Enhancing Phase Transition Calculations with Fitting and Neural Network

Abstract

The computation of bounce action in a phase transition involves solving partial differential equations, inherently introducing non-negligible numerical uncertainty. Deriving characteristic temperatures and properties of this transition necessitates both differentiation and integration of the action, thereby exacerbating the uncertainty. In this work, we fit the action curve as a function of temperature to mitigate the uncertainties inherent in the calculation of the phase transition parameters. We find that, after extracting a factor, the sixth-order polynomial yields an excellent fit for the action in the high temperature approximated potential.
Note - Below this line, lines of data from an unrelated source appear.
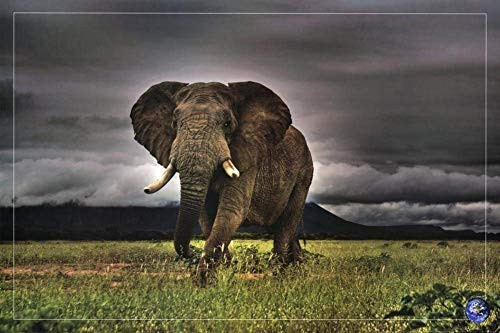 African Majesty, Save Our Planet (Elephant) Poster Image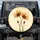 Dried Poppy Flowers Pressed Foliage Gold Dust Parchment Background - Vintage Home Decor Gift Spare Tire Cover - 1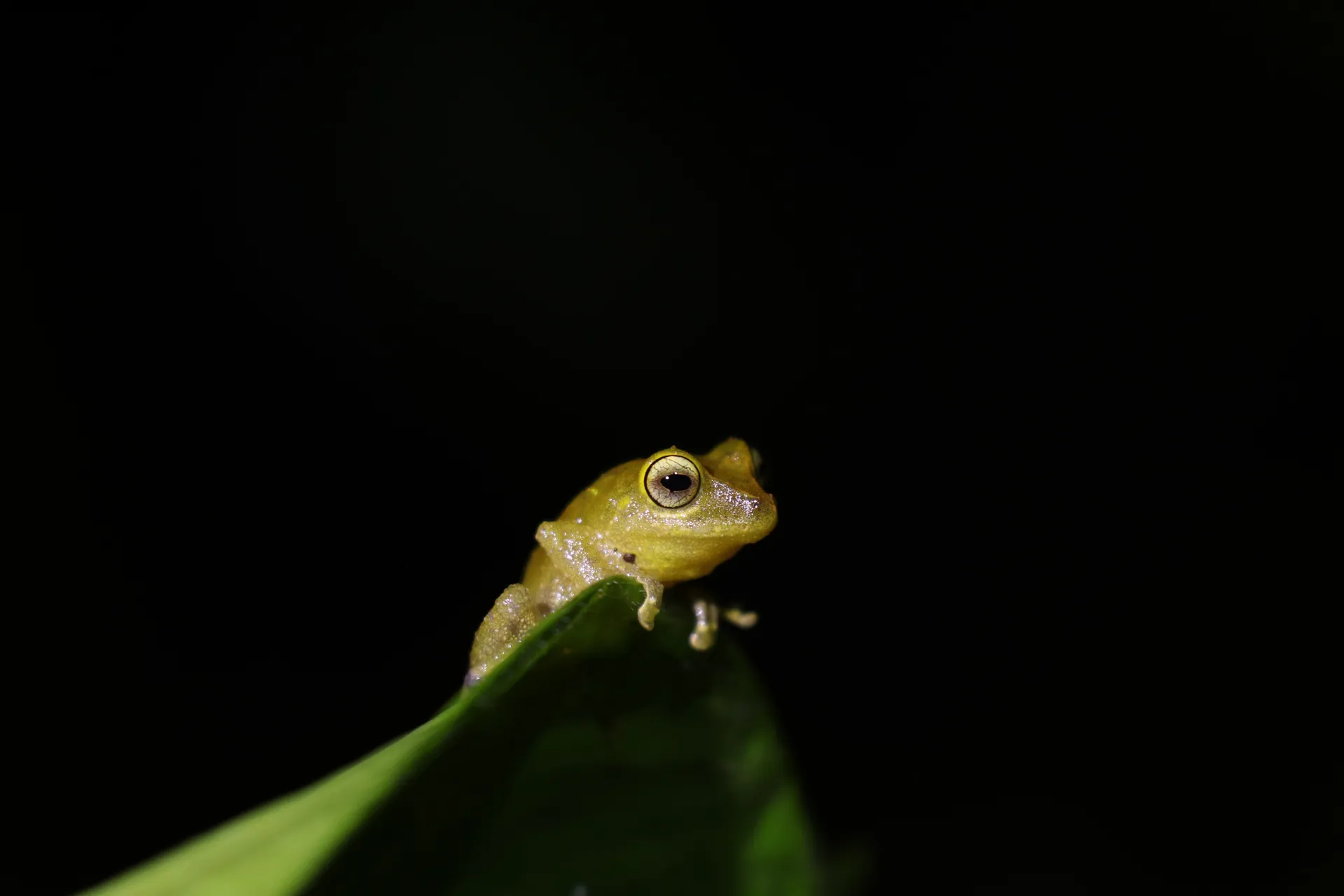 Tree frog at night in the cloud forest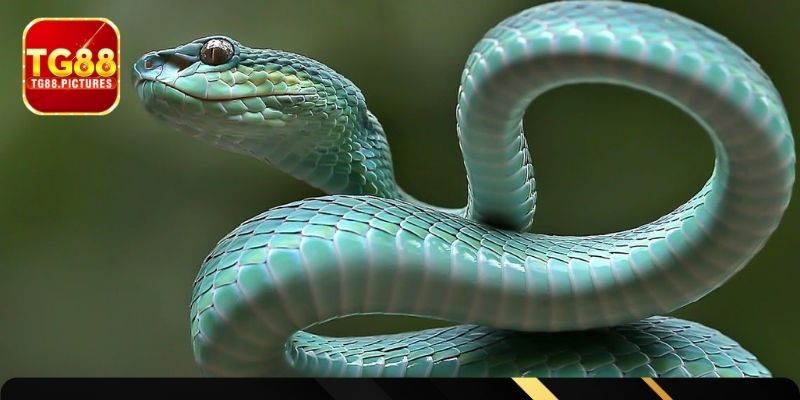 Phong thủy và vận may về mộng xà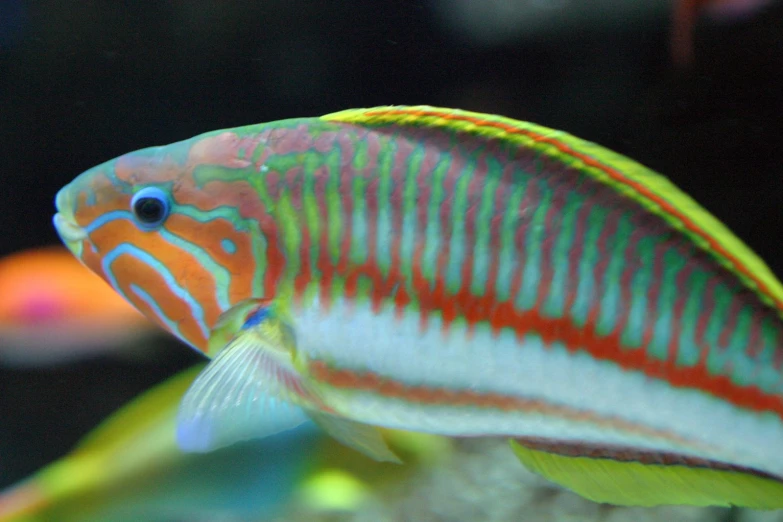 colorful striped fish swimming in an aquarium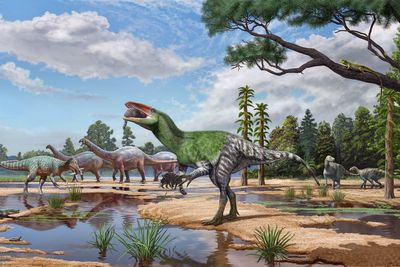 New species of dinosaur discovered from fossil ‘overlooked’ for over 100 years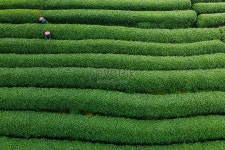 Zhejiang Longwu Tea Garden에서 차를 따는 마을 사람들의 항공... Zhejiang Longwu Tea Garden에서 차를 따는 마을 사람들의 항공 사진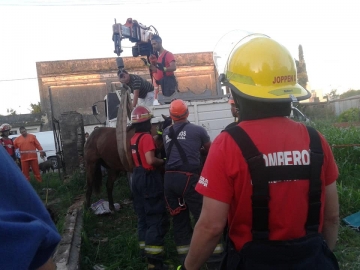 Gral Roca: bomberos rescataron a un caballo que cayó a un pozo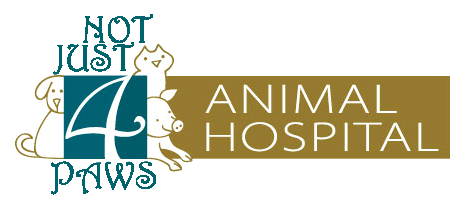 Not Just 4 Paws Animal Hospital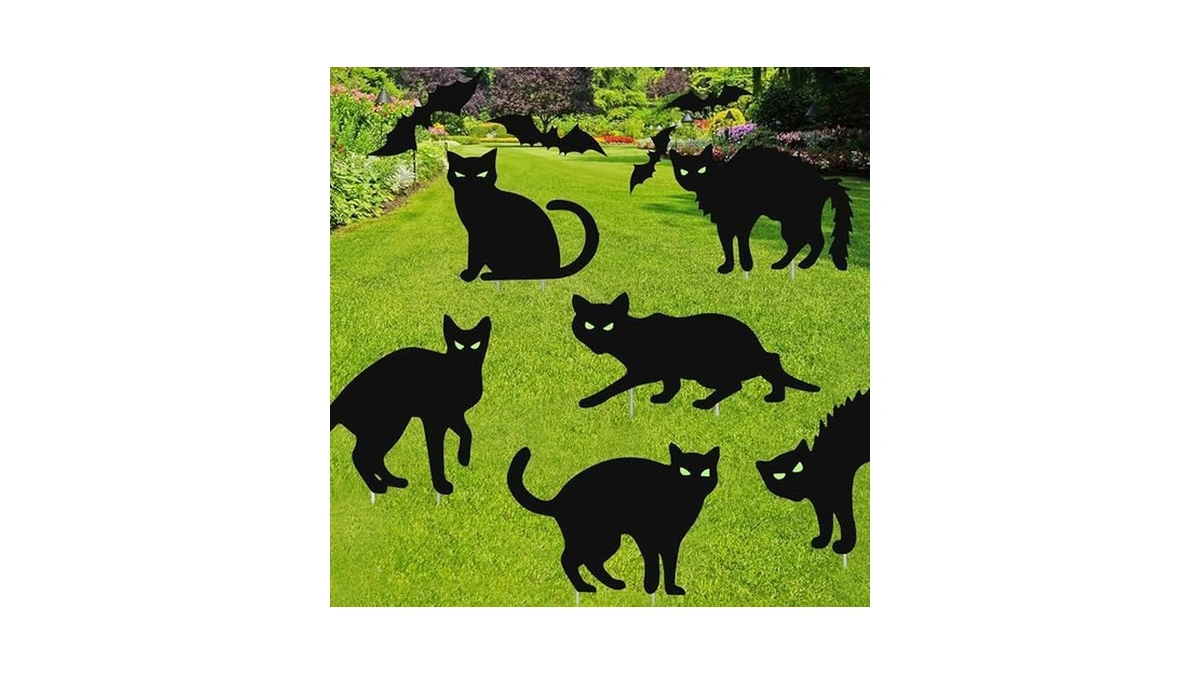 Verified image for post 207764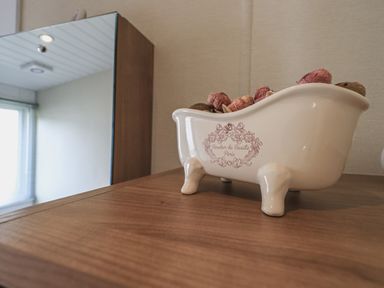 A small decorative bathtub container with potpourri on a wooden surface in a room with a mirror cabinet at Yealands 27 South Lakeland Leisure Village near Carnforth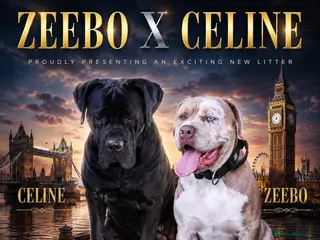 Mixed Breed dogs Mastiff hybrid puppys available - Advert 1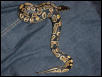 2male3
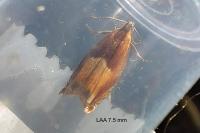 Ancylis mitterbacheriana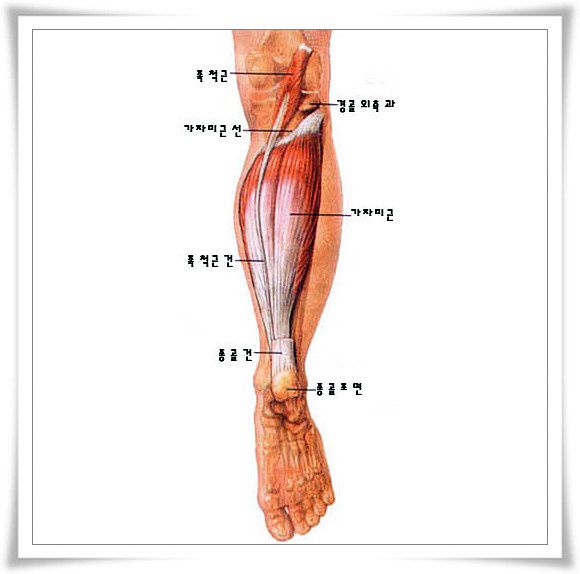 족척근 ＆ 가자미근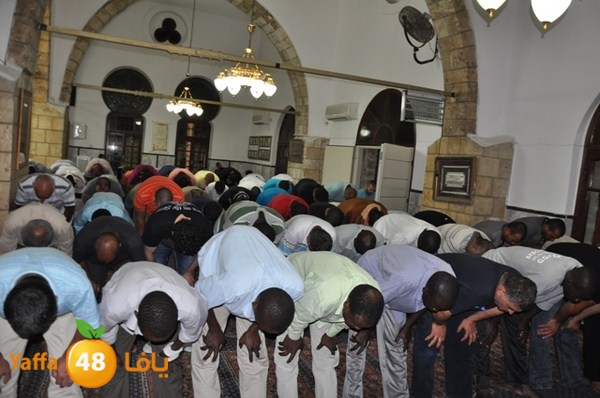 trawe7 7san bek 715 (20).JPG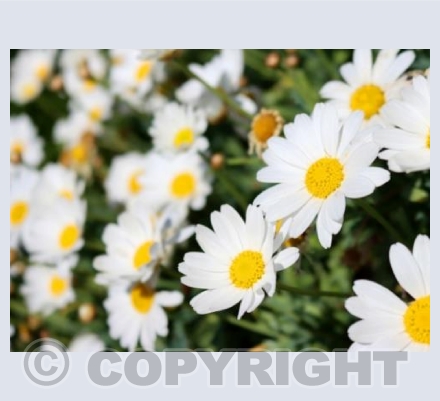 Daisies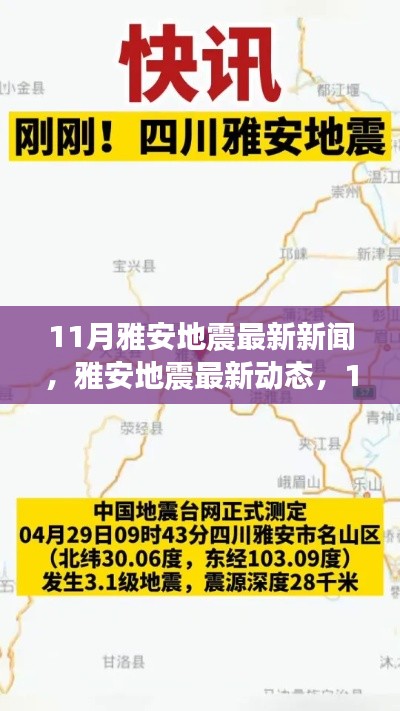 雅安地震最新動態(tài)，救援進展報告及地震活動更新（11月版）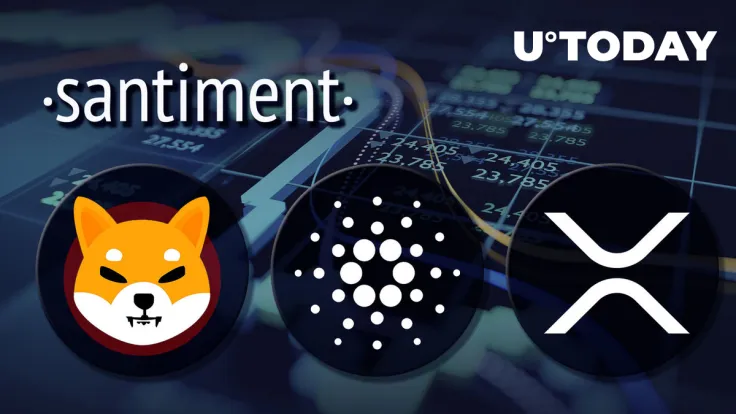 SHIB, XRP, ADA Face High Interest in Crypto Community: Santiment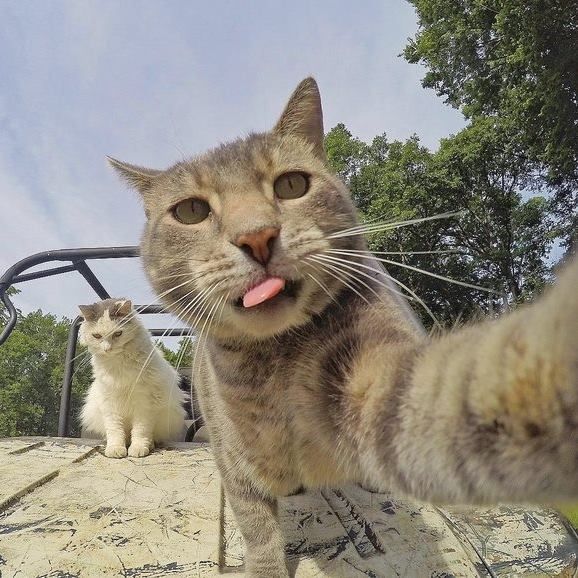 Denilson Anccari Chimpay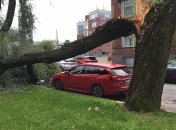 Негода в Естонії: близько 34 тисячі будинків залишилися без світла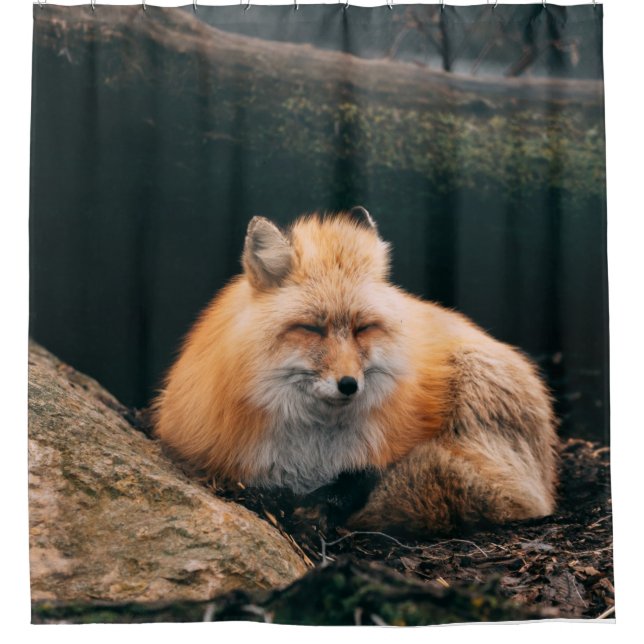 Red Fox Sleeping (Front)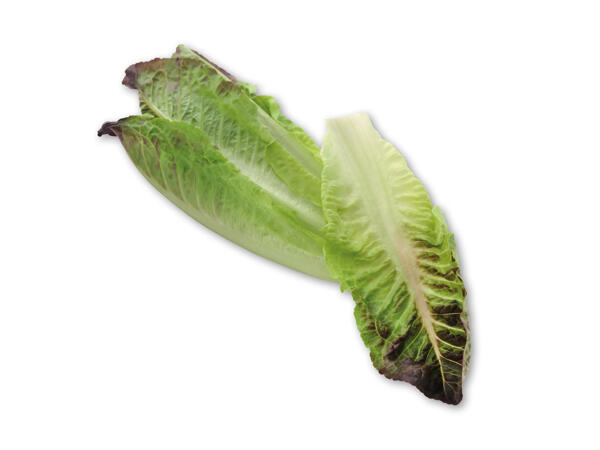 Mini romainesalat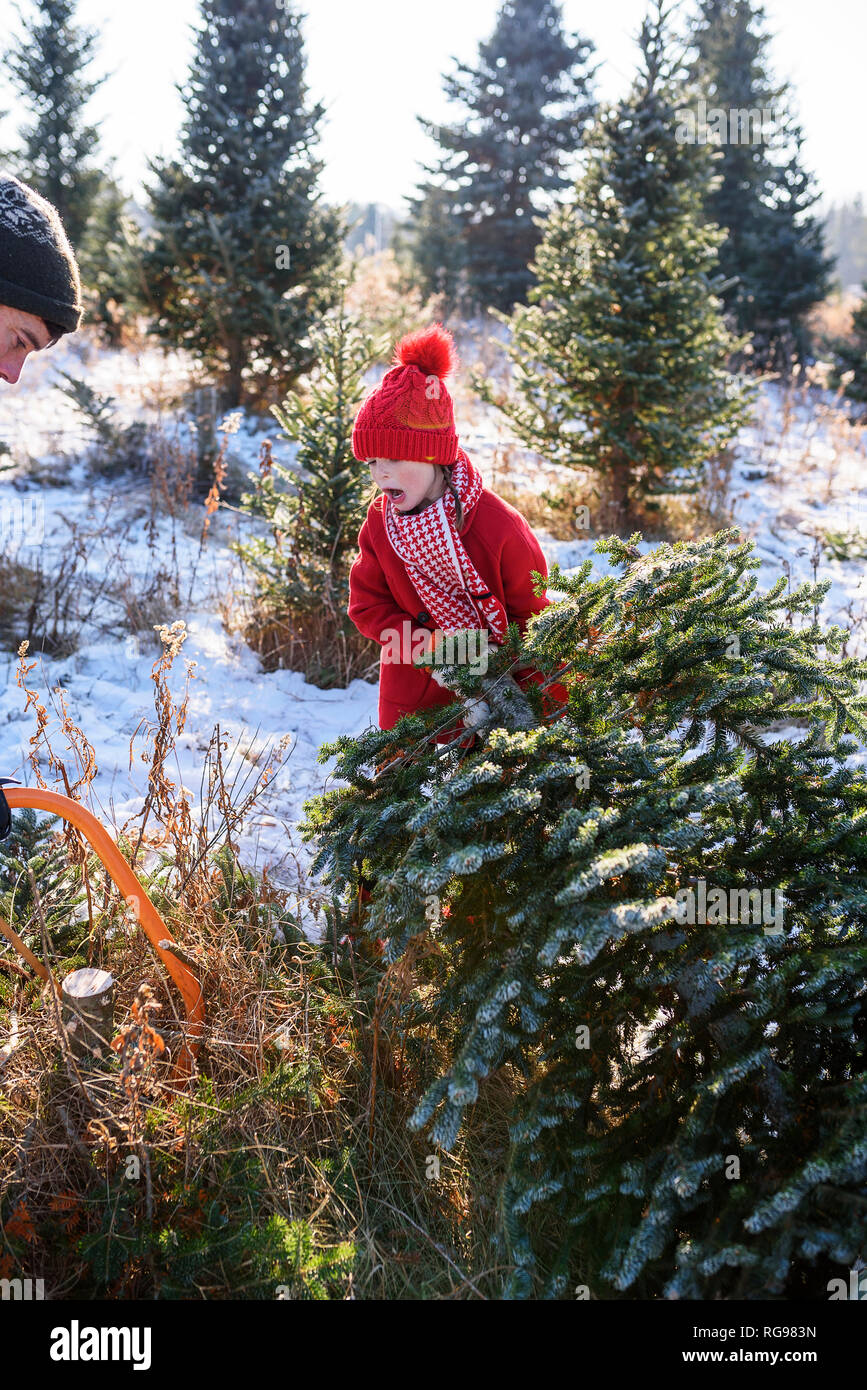 Mädchen aufpassen ihres Vaters, mit Hacken einen Weihnachtsbaum auf a Christmas Tree Farm, United States Stockfoto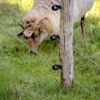 Drenthe positief over proef met mobiele rasters als bescherming tegen wolven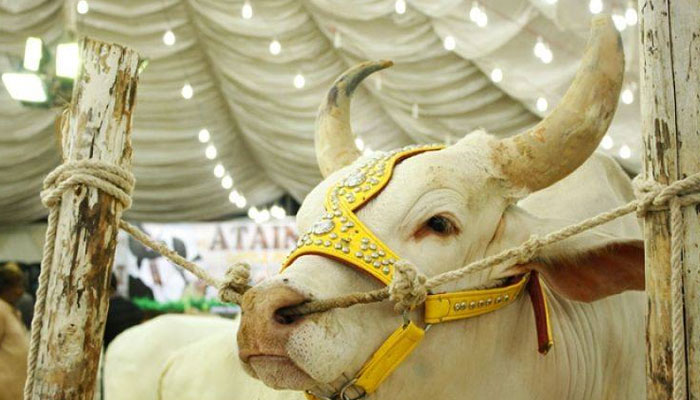 مصنوعی طریقے سے سینگ کے نظر نہ آنے یا انتہائی چھوٹا کیے ہوئے جانور کی قربانی کا حکم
In a realistic model, the singlet extension of the Standard Model, this method performs satisfactorily across most of the parameter space after trimming the fitting data. This approach not only enhances the accuracy of phase transition calculations but also systematically reduces computation time and facilitates error estimation, particularly in models involving multiple scalar fields. Furthermore, we discussed the possible of using multiple neural networks to predict the action curve from model parameters.

Figures (9)

• Figure 1: Top: The variation of $S_{E}/T$ and $\beta/H$ with temperature for BP1 in the SSM, where the dotted line represent the raw data calculated using PhaseTracer2 and the $\beta/H$ values calculated from the raw $S_{E}/T$ data using \ref{['eq: derivative']}. Bottom: Same as top figure but for BP2. The gray dashed lines represent the nucleation temperatures for each BP.
• Figure 2: Fitting results for the one-dimensional high temperature approximated potential. Top left: $S/T$ as a functions of $T$ for different benchmark points. The dots represent raw data from the shooting method, while the curves show the fitted results. Top right: the RMSE for different fitting orders. The dotted lines correspond to direct fits of $S_E$ directly, while the solid lines represent fits to $S_E(T-T_C)^2$. Bottom left: the distribution of the RMSE from a random parameter scan. Bottom right: the correlation between the RMSE and the temperature interval $\Delta T$.
• Figure 3: Fitting results for the SSM model. The left panel displays the distribution of the RMSE from a random parameter scan. The blue and red histograms represent the distributions before and after data trimming, respectively. The right panel illustrates the relationship between RMSE and the temperature range $\Delta T$, with color indicating the Transition $T_C$.
• Figure 4: The action versus temperature for benchmark points in the SSM model. The dotted points represent raw data obtained from PhaseTracer, and the curves correspond to the fitted functions. The left panel displays cases with small RMSE, while the right panel shows those with large RMSE.
• Figure 5: Distribution of prediction errors for the critical temperature $T_C$ (blue) and the minimum temperature $T_{\rm min}$ (orange).